Romola is set in Florence in the final years of the 15th century and I wonder if this could be one of the reasons it’s not more widely read as it isn’t what you would typically expect from a Victorian novel. There’s no doubt that Eliot must have thoroughly researched the setting and the historical background, although it sometimes seemed that she had been determined to include every little fact and detail she uncovered during that research. Apparently Anthony Trollope wrote to Eliot after reading the first instalment and praised her for her descriptions of Florence, ‘wonderful in their energy and in their accuracy’, but warned her not to ‘fire too much over the heads of your readers’. Well, a lot of it did go over my head, and although I loved the book overall I won’t pretend that I understood everything I read.

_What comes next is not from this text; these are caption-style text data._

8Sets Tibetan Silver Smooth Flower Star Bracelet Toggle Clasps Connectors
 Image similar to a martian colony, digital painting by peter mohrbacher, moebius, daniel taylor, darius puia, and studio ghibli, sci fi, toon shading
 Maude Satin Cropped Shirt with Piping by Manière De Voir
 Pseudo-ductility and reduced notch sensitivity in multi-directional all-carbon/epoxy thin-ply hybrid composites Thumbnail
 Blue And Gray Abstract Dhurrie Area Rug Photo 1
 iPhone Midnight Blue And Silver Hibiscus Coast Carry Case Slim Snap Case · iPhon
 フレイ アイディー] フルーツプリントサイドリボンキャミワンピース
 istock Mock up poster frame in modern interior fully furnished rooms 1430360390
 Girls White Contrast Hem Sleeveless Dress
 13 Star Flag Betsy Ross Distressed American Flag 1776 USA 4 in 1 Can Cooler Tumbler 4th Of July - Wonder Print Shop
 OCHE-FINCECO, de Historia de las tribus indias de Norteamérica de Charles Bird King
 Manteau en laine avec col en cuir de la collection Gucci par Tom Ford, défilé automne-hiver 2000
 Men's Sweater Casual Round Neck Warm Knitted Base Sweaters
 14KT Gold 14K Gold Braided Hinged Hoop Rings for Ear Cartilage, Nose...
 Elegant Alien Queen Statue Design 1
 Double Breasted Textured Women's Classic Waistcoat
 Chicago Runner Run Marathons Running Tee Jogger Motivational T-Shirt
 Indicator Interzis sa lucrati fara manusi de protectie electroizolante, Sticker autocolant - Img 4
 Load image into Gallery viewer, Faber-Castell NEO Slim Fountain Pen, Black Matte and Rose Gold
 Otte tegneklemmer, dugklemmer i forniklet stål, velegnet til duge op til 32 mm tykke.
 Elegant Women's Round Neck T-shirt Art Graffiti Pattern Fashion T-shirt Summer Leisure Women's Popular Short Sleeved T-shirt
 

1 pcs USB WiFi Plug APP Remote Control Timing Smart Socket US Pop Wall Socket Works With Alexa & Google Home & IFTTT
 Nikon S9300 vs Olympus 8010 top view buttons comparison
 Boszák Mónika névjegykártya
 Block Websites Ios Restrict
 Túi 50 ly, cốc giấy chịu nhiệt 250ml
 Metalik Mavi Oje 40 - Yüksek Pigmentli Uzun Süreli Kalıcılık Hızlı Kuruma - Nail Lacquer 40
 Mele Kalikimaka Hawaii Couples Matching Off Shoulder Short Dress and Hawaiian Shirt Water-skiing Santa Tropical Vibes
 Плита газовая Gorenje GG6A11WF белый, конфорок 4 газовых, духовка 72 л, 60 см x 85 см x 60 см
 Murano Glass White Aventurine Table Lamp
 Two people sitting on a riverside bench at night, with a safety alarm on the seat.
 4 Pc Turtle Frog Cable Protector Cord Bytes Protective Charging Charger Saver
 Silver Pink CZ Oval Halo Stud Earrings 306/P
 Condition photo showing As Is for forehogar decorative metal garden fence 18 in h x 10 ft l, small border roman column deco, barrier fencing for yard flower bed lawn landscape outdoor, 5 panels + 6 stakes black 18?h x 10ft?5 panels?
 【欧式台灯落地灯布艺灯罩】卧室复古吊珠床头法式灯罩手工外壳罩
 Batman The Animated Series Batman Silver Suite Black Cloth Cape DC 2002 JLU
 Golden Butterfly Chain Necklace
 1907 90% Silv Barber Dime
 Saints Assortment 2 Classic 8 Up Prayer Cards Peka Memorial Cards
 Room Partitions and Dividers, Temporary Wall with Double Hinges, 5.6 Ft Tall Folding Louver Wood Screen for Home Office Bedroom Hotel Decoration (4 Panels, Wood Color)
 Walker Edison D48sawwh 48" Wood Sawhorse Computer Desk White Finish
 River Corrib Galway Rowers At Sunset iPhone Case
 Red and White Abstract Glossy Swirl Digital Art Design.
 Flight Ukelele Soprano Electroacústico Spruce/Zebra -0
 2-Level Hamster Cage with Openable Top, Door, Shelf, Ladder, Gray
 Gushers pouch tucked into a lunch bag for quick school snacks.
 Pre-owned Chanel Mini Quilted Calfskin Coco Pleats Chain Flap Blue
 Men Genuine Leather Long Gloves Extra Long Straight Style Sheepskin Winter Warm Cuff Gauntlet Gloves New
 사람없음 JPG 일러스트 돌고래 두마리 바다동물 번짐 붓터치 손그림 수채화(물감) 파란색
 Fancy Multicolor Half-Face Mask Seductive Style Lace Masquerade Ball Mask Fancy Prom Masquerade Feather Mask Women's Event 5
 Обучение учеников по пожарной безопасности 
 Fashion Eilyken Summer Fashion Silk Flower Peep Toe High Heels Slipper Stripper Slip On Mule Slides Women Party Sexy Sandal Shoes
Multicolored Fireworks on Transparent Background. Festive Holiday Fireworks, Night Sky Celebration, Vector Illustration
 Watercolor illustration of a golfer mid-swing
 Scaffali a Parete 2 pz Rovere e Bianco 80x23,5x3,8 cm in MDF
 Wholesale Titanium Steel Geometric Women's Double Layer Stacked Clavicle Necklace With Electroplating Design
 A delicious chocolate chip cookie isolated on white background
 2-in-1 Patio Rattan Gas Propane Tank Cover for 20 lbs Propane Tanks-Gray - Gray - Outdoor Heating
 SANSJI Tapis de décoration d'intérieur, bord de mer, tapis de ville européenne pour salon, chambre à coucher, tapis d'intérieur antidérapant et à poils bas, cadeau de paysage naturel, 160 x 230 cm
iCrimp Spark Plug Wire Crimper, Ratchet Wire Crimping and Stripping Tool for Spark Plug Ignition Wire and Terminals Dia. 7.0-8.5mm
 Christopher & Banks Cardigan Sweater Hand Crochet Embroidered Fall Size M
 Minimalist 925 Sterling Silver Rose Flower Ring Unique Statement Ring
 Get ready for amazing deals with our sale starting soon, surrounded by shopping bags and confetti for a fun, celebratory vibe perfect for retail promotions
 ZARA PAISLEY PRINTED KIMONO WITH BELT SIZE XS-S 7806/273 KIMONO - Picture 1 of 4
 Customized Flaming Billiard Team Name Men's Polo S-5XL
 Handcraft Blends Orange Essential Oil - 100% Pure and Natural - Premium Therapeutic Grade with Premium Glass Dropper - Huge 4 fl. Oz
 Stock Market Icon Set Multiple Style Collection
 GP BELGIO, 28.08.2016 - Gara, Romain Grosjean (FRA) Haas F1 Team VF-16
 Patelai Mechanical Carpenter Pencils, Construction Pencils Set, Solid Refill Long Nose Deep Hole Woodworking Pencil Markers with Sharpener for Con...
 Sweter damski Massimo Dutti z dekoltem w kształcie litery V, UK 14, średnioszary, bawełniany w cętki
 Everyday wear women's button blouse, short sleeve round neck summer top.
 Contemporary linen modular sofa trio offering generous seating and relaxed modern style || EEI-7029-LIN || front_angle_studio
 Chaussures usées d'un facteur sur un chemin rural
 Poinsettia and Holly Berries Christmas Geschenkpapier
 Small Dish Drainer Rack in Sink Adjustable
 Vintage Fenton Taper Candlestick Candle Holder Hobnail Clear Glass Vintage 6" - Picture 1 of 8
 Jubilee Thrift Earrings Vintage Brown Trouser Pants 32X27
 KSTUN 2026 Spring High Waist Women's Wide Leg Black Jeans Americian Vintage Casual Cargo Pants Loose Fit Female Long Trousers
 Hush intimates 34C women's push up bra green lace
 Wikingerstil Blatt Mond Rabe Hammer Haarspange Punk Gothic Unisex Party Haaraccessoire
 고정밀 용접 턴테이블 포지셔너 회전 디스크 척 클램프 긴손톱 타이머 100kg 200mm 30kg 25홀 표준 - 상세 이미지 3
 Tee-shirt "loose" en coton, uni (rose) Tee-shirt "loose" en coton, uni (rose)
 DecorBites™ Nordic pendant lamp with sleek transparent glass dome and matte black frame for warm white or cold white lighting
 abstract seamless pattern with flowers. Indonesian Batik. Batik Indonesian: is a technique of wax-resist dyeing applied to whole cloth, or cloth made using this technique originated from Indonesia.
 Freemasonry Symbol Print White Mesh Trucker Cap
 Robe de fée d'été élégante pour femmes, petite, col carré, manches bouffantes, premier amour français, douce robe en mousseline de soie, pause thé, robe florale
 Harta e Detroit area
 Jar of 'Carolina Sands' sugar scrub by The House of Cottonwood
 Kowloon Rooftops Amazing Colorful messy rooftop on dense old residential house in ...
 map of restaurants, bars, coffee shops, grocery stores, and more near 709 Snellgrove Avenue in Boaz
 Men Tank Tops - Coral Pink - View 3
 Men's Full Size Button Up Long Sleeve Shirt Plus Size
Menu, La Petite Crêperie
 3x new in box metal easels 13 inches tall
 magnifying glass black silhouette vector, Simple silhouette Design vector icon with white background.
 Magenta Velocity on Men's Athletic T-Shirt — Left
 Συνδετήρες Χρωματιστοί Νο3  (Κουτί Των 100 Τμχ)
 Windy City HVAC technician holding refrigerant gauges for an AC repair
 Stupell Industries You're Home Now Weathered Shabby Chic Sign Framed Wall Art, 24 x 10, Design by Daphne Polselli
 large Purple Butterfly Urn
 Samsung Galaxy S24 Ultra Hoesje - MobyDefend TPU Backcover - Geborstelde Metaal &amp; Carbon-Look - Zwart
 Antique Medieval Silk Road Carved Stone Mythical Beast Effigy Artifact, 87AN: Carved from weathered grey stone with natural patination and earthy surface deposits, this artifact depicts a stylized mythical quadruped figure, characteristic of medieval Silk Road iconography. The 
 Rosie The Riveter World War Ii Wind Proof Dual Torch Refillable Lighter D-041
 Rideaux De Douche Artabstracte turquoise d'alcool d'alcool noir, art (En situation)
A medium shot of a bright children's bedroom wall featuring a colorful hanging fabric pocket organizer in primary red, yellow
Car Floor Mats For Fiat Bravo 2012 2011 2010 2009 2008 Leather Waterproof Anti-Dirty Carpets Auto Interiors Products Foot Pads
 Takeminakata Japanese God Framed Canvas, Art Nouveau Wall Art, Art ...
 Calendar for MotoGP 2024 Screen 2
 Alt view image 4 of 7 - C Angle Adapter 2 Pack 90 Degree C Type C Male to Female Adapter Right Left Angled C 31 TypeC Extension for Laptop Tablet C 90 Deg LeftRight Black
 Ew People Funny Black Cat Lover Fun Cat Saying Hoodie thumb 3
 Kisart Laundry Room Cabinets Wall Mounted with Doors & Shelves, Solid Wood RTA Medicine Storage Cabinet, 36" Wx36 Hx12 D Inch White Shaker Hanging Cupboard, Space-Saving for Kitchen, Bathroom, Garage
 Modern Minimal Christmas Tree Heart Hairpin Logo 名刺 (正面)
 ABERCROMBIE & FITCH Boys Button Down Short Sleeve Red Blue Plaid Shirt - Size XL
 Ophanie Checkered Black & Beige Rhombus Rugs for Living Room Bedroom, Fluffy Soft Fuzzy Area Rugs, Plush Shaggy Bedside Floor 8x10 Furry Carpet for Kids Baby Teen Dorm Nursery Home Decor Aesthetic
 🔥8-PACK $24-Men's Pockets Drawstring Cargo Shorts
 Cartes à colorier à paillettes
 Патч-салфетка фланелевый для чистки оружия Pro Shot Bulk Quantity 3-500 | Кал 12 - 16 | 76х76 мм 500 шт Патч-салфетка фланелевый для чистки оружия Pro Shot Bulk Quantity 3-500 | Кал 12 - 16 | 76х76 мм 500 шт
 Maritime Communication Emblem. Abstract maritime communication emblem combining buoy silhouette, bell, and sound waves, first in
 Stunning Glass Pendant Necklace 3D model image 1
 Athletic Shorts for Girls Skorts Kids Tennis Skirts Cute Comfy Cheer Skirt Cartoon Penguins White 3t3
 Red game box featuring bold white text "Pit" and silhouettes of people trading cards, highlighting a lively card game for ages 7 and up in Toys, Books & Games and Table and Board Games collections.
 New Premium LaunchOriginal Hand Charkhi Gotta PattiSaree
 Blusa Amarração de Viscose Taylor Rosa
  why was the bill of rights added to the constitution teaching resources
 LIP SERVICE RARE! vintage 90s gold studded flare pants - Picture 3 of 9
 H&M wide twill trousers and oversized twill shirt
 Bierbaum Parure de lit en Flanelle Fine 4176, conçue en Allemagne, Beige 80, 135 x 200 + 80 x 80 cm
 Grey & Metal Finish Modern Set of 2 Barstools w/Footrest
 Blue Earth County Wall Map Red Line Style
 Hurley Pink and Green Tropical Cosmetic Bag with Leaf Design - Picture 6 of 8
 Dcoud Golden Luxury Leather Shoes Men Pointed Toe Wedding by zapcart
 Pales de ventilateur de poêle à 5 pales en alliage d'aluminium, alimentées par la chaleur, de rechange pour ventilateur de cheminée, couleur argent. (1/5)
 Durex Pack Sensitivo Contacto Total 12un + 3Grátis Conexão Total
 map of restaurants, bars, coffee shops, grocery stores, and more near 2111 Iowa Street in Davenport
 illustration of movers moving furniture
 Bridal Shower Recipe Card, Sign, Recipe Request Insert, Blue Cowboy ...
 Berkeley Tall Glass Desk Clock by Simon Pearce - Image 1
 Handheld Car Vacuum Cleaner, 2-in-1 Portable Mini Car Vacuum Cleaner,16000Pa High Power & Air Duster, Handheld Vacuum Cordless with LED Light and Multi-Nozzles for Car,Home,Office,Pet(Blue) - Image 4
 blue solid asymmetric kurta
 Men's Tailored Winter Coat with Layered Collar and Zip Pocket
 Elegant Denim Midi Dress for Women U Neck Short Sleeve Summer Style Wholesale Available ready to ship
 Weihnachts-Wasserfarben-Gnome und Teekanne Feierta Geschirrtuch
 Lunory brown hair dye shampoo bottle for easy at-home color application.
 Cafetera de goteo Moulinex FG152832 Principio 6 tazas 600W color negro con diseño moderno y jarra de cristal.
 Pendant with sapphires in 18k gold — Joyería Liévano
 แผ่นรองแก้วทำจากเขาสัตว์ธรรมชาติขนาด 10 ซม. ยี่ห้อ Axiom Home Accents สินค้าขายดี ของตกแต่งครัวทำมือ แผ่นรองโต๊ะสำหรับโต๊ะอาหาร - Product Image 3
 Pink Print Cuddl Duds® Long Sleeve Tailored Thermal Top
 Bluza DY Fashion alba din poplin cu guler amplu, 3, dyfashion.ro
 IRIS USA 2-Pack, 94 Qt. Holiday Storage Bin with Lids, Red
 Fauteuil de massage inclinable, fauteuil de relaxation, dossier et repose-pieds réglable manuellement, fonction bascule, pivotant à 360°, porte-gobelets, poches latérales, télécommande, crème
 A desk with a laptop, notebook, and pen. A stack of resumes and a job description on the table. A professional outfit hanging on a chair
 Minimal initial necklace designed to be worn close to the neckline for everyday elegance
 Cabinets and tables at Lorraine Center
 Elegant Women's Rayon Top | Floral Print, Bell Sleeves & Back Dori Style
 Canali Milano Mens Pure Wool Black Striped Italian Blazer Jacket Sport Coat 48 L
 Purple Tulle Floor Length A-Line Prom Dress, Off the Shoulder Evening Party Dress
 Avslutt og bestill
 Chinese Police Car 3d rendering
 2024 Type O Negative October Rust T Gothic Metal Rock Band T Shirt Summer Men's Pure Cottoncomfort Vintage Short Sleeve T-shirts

The title character, Romola, is the daughter of an elderly scholar, Bardo de’ Bardi. Romola’s brother has left home to join the church and Romola is doing her best to take his place in helping their father with his classical studies. This work does not really interest Romola, however, so when they are introduced to a young man called Tito Melema who agrees to become Bardi’s assistant, this seems to be the perfect solution.
Tito, a Greek scholar, has just arrived in Florence after surviving a shipwreck and is looking forward to building a new life and career for himself. When he learns that his adoptive father, Baldassarre, has been sold into slavery in Antioch and needs his assistance, Tito must decide whether to put his own comfort above his duty to his father. Meanwhile Romola is beginning to fall in love with Tito, but knows nothing of his relationship with Baldassarre – or of his entanglement with a pretty young Florentine girl called Tessa.
The story of Romola and Tito unfolds against the backdrop of a very important period in Florentine history. Piero de’ Medici has been driven from Florence as the French prepare to invade and religious fervour is sweeping through the city under the leadership of the Dominican preacher, Girolamo Savonarola. Savonarola is an important character in Romola – along with Niccolò Machiavelli he is one of several real historical figures to appear in the novel – and is portrayed here as a complex human being with both good points and bad.
The fictional characters are even more interesting than the historical ones; the villain in this novel is the equal of almost any in Victorian fiction. He is particularly fascinating because when we first meet him he doesn’t appear to be villainous at all; his character undergoes a slow descent into deceit and treachery so that I went from liking him to loathing him. Romola sometimes feels more like a typical virtuous and dutiful Victorian heroine than a 15th century one (she reminded me of Dorothea Brooke from Middlemarch) but I liked her and enjoyed watching her character develop.
I think how much you take away from Romola depends on how much effort you put in. You can look up every reference if you want to, or you can just be swept along by the story – like a lot of classics it works on more than one level. I certainly didn’t understand it all and I got very confused by the political intrigue towards the end of the book but as long as I could keep track of who was on which side, who was being betrayed and who was doing the betraying I was happy.
This hasn’t become a favourite classic but it’s one of the best I’ve read for a while. I was gripped by the plot, fascinated by the characters and loved the portrayal of Florence, its buildings, its art and culture and its people. Having only read Middlemarch, Silas Marner and now Romola so far, I’m looking forward to reading George Eliot’s other novels!